Conservatives are Reacting to News That There’s No Single “Gay Gene”

The religious right has positively reacted to a study that proves there’s no single “gay gene” – even though the lead researcher argues that homosexuality is “natural and normal.”

In a column for the American Conservative, writer Rod Dreher argues that, because the study concluded that genes have little influence over sexuality, conversion therapy shouldn’t be considered wrong.

“[I]f homosexuality is primarily a matter of nurture, not nature, why is it wrong to let gay people who want to seek therapy in hope of reducing or eliminating same-sex desire undergo that treatment?” Dreher writes. “If same-sex desire is not genetically hard-wired, what’s wrong with the principle behind this therapy from a scientific point of view (as distinct from a moral or political one)?”

“To be clear,” he continues, “I understand why one would object to this therapy on moral or political grounds, but this study seems to knock down a strong scientific objection to it.”

Jim Dennison, the head of the conservative Christian Dennison Institute, also argued that the small genetic influence means that being LGBTQ is actually a choice, according to LGBTQ Nation.

“Even if up to 32 percent of a person’s same-sex sexual behavior is genetically conditioned, this means that more than two-thirds of their sexual behavior is not,” Dennison said.

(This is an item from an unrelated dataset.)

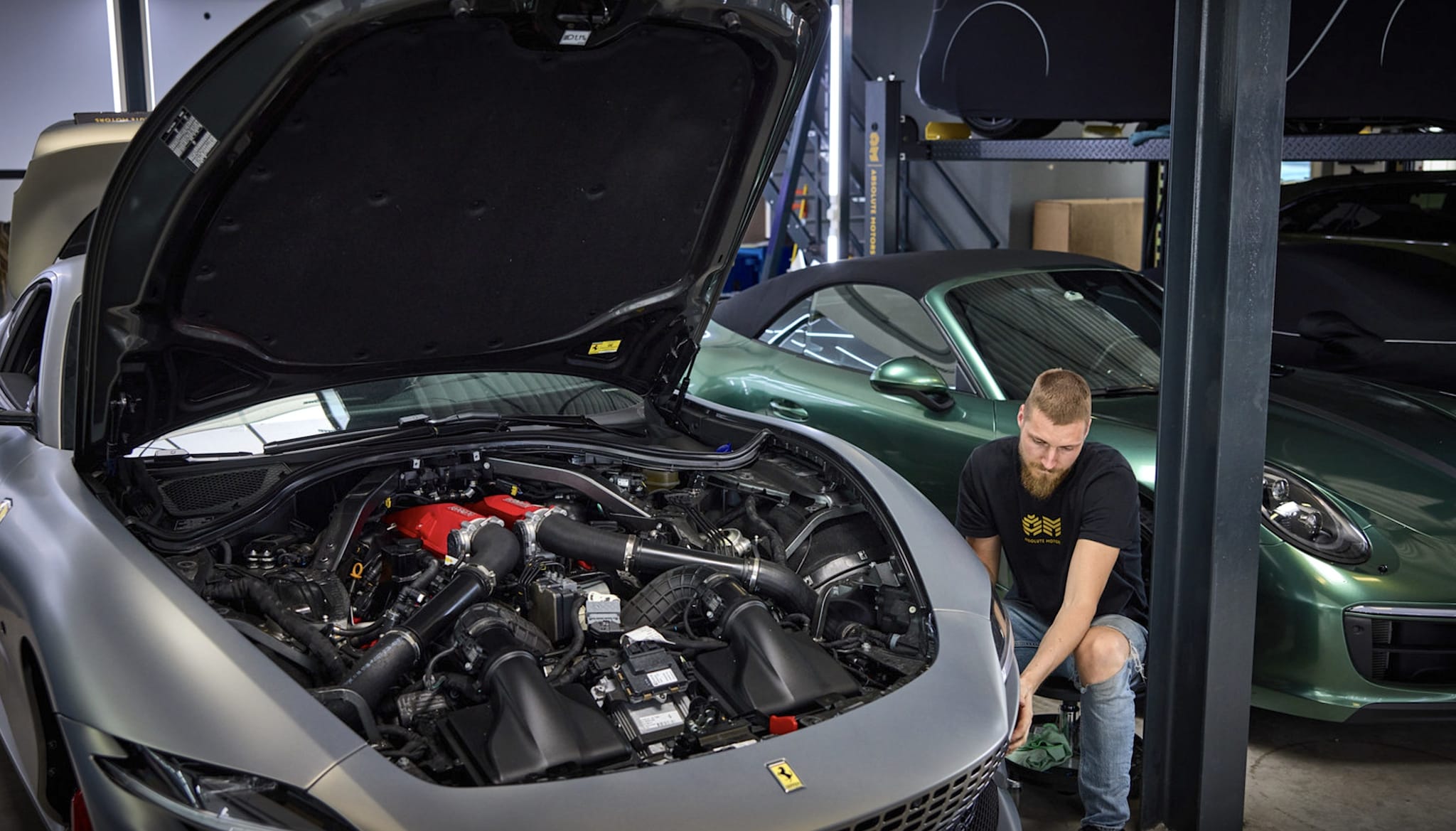 Een Ferrari in de werkplaats van Absolute Motors. Foto: Jan de Groen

These comments seem to confirm the fears of some LGBTQ researchers who didn’t want the study to be published.

“I deeply disagree about publishing this,” said Steven Reilly, a geneticist and postdoctoral researcher who is on the steering committee of the MIT’s LGBTQ affinity group Out@Broad. “It seems like something that could easily be misconstrued. In a world without any discrimination, understanding human behavior is a noble goal, but we don’t live in that world.”

Dr. Benjamin Neale, one of the lead researchers of the study, also expressed the same concern, but contended that the study needed to be published “to educate people a little bit more about how natural and normal same-sex behavior is.”

“It’s written into our genes and it’s part of our environment,” he said. “This is part of our species and it’s part of who we are.”